[proofplan]
The proof is the standard adjustment argument. First disintegrate the law of the potential outcome $Y_a$ over the covariate $L$. The back-door criterion, through the assumed structural-causal semantics, gives conditional exchangeability, so conditioning additionally on $A=a$ does not change the conditional law of $Y_a$ given $L$. Positivity ensures this conditional law given $(A=a,L=\ell)$ is determined on the $\mathbb P_L$-support, and consistency then replaces $Y_a$ by the observed outcome $Y$ among units with $A=a$. Integrating the resulting [conditional probability](/page/Conditional%20Probability) over the marginal law of $L$ gives the formula.
[/proofplan]
[step:Disintegrate the potential-outcome law over the covariate distribution]
Fix $B\in\mathcal E_{\mathcal Y}$. Define the event
\begin{align*}
E_B:=\{\omega\in\Omega:Y_a(\omega)\in B\}.
\end{align*}
Since $Y_a$ is $(\mathcal F,\mathcal E_{\mathcal Y})$-measurable and $B\in\mathcal E_{\mathcal Y}$, the event $E_B$ belongs to $\mathcal F$.
Because $(\mathcal L,\mathcal E_{\mathcal L})$ is standard Borel, choose a regular conditional probability kernel for $Y_a$ given $L$ and denote the corresponding conditional probability by
\begin{align*}
q_a:\mathcal L\to[0,1],\qquad
\ell\mapsto \mathbb P(Y_a\in B\mid L=\ell).
\end{align*}
By the defining property of regular conditional probability applied to the bounded measurable indicator $\mathbb 1_{E_B}:\Omega\to\{0,1\}$, one has
\begin{align*}
\mathbb P(Y_a\in B)
=
\int_{\mathcal L}q_a(\ell)\,d\mathbb P_L(\ell).
\end{align*}
[guided]
We first separate the target probability into covariate-specific pieces.
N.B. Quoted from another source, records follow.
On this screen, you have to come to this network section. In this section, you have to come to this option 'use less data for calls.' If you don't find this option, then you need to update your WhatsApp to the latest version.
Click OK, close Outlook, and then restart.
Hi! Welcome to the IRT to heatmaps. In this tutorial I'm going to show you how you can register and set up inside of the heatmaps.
Fix a measurable outcome set $B\in\mathcal E_{\mathcal Y}$, and define
\begin{align*}
E_B:=\{\omega\in\Omega:Y_a(\omega)\in B\}.
\end{align*}
This is an event because $Y_a:(\Omega,\mathcal F)\to(\mathcal Y,\mathcal E_{\mathcal Y})$ is measurable and $B$ is measurable.
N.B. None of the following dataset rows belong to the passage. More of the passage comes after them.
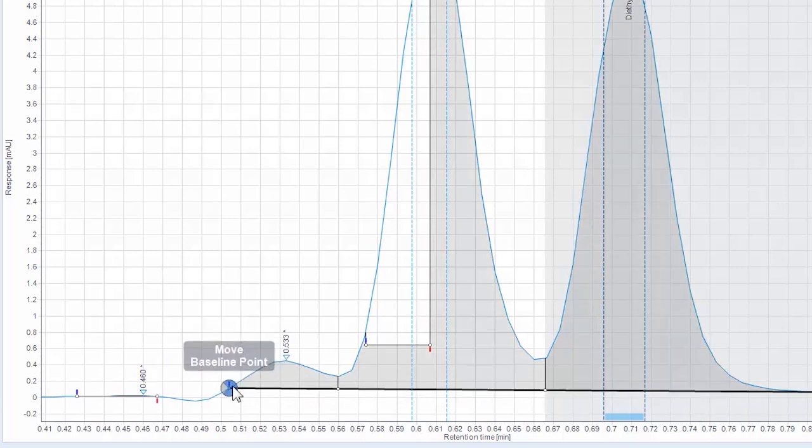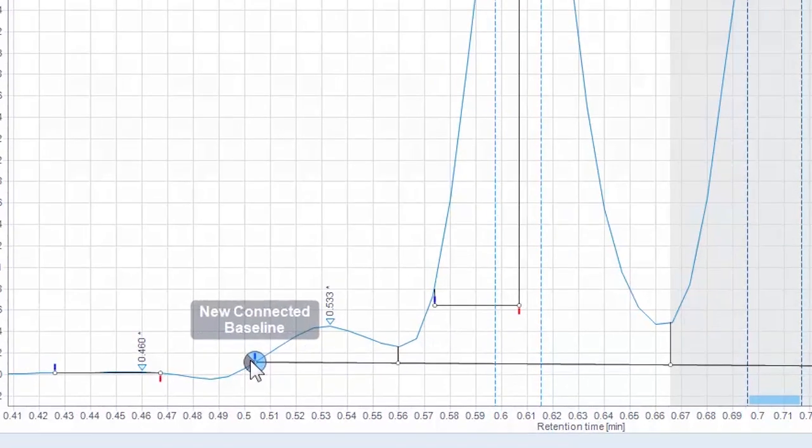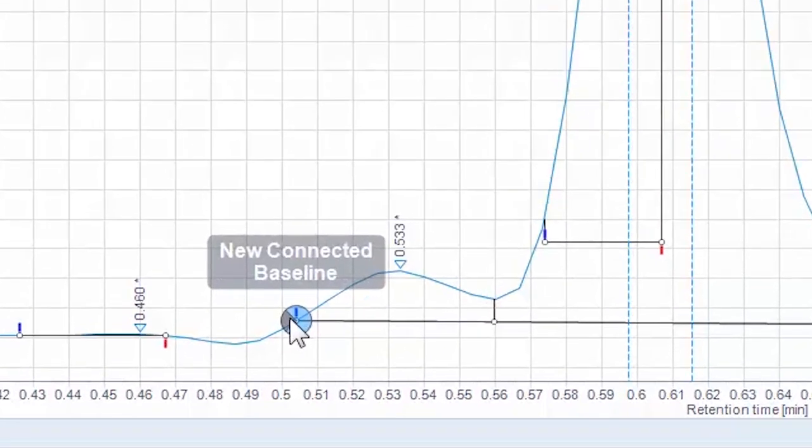Or create a new connected baseline from an existing point by clicking the appropriate part of the point selector.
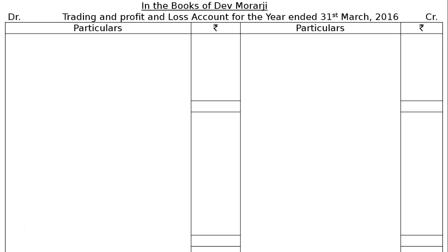Closing stock will be shown in two places: first in the trading account credit side, and second as current assets. Depreciation will be shown in the profit and loss account as well as a deduction from the fixed assets. Tools are revalued at Rs 4,500, but are written in the trial balance at Rs 5,000 — this method is called the revaluation method. Tools were purchased for Rs 5,000 and at year end found to be worth Rs 4,500, so Rs 500 is the depreciation, which will be deducted on the asset side and shown on the profit and loss account debit side.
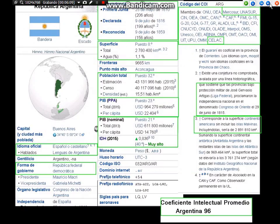Argentina. Es miembro de la ONU, de la OEA, del MERCOSUR, UNASUR, OIEA, OMC, CAN.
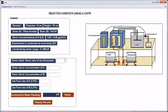Let us see the experimental procedure. Enter the initial molar ratio of the reactants — enter a ratio of 1.1. Enter stock concentration of A. Stock concentration of A and B should be in this range, so let us enter 0.03. Stock concentration of B: 0.035.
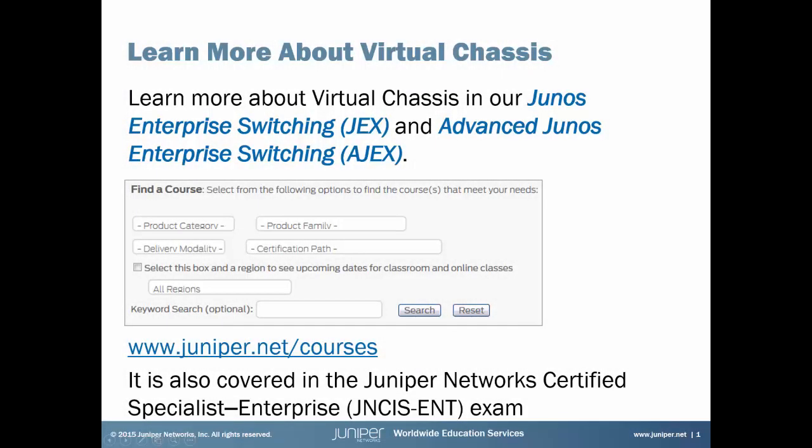If you're interested in learning more about virtual chassis, grab a seat in our Junos Enterprise Switching or Advanced Junos Enterprise Switching courses. For full details, just visit juniper.net/courses. It also appears on the Juniper Network Certified Specialist Enterprise Routing and Switching exam. But enough of me, let's get to your Learning Byte.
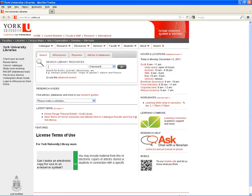Welcome to this short video on how to find cited references using the database Scopus. I am currently on the library's homepage. To get to Scopus, I just enter the name of the database into the catalog and run the search.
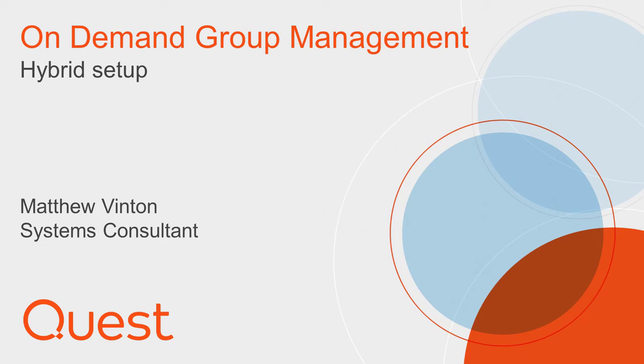Thanks for your interest in Quest On-Demand Group Management, your go-to software-as-a-service solution for tackling group management challenges in a hybrid world. I'm Matthew Vinton, Senior Systems Consultant at Quest, and today I'm going to take you on a short tour of how to connect your on-premises environment to on-demand group management.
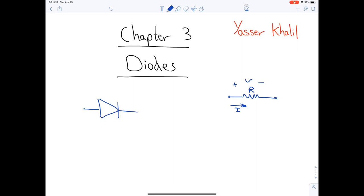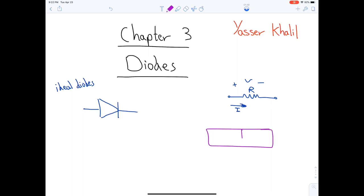In order to understand the essence of the diode function, we will begin with the ideal diode. We then introduce the silicon junction diode — the non-ideal diode — and explain its terminal characteristics and provide techniques for the analysis of diode circuits. The junction diode, the non-ideal diode, is nothing more than a p-n junction, which we studied in Chapter 1.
The role of the standard Borel hypothesis on $\mathcal L$ is to ensure that regular conditional probabilities may be used. Choose a version of the conditional law of $Y_a$ given $L$, and for this fixed set $B$ define
\begin{align*}
q_a:\mathcal L\to[0,1],\qquad
\ell\mapsto \mathbb P(Y_a\in B\mid L=\ell).
\end{align*}
The function $q_a$ is $\mathcal E_{\mathcal L}$-measurable by the definition of a probability kernel. Applying the defining identity for conditional probability to the indicator function $\mathbb 1_{E_B}:\Omega\to\{0,1\}$ gives
\begin{align*}
\mathbb E[\mathbb 1_{E_B}]
=
\int_{\mathcal L}q_a(\ell)\,d\mathbb P_L(\ell).
\end{align*}
Since $\mathbb E[\mathbb 1_{E_B}]=\mathbb P(E_B)=\mathbb P(Y_a\in B)$, this becomes
\begin{align*}
\mathbb P(Y_a\in B)
=
\int_{\mathcal L}\mathbb P(Y_a\in B\mid L=\ell)\,d\mathbb P_L(\ell).
\end{align*}
This is the [law of total probability](/theorems/1113) written in kernel form, with the measure in the integral explicitly equal to the marginal law $\mathbb P_L$ of $L$.
[/guided]
[/step]
[step:Use back-door exchangeability to condition on the treatment value]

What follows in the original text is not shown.